— DATA EXCERPTS —
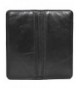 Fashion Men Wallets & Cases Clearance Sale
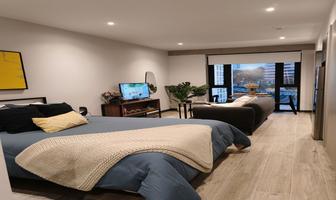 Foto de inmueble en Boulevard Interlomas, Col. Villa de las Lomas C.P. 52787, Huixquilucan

---

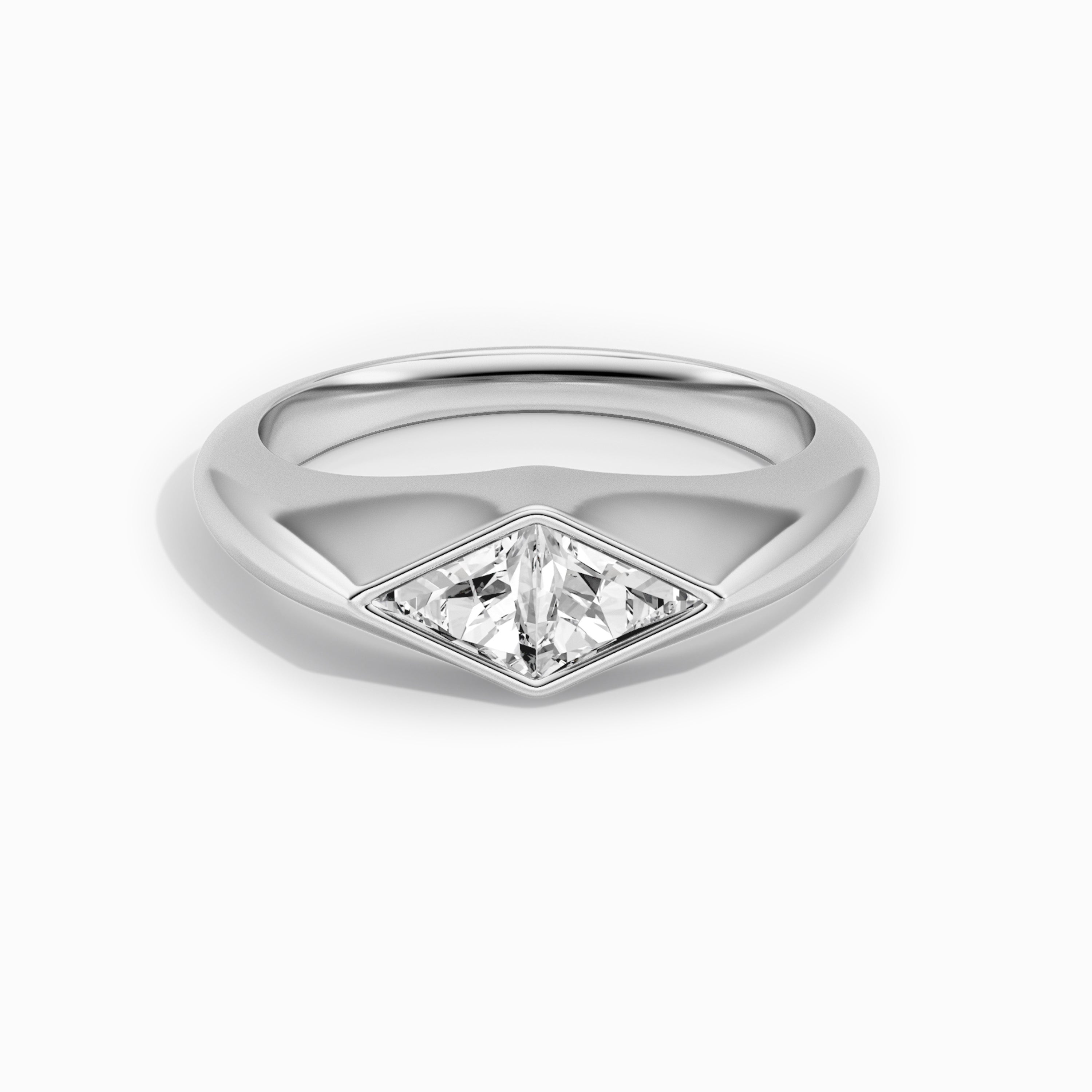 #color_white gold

* * *

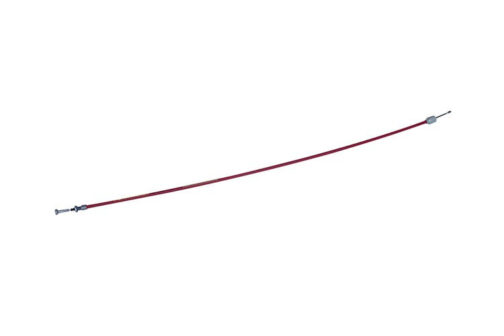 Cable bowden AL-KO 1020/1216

— REQUIRED WORK —
The output is the stretch above from the line with "Fashion Men Wallets & Cases Clearance Sale" through the line with "Foto de inmueble", copied word for word with both ends kept and every picture dropped.

— TASK OUTPUT —
 Fashion Men Wallets & Cases Clearance Sale
 Foto de inmueble en Boulevard Interlomas, Col. Villa de las Lomas C.P. 52787, Huixquilucan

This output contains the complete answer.